___ Dataset entries

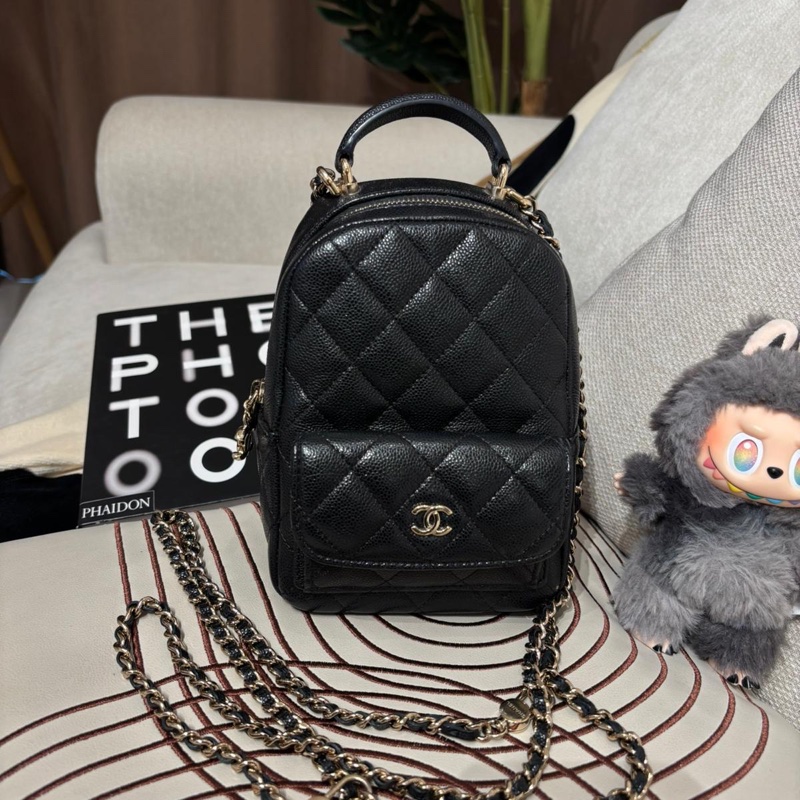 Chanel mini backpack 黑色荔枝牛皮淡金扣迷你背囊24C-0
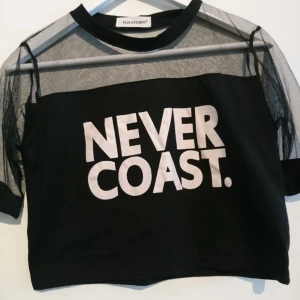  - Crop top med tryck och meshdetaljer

______
___ Dataset entries

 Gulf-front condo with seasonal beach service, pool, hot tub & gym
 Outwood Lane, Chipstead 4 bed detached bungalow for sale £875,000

______

*Exercise*: Please set down, exactly and with no pictures, the lines in the entries above starting at the one holding "Chanel mini backpack 黑色荔枝牛皮淡金扣迷你背囊24C-0" and ending at the one holding "- Crop top med tryck och meshdetaljer", ends included.

*Response box*:
 Chanel mini backpack 黑色荔枝牛皮淡金扣迷你背囊24C-0
  - Crop top med tryck och meshdetaljer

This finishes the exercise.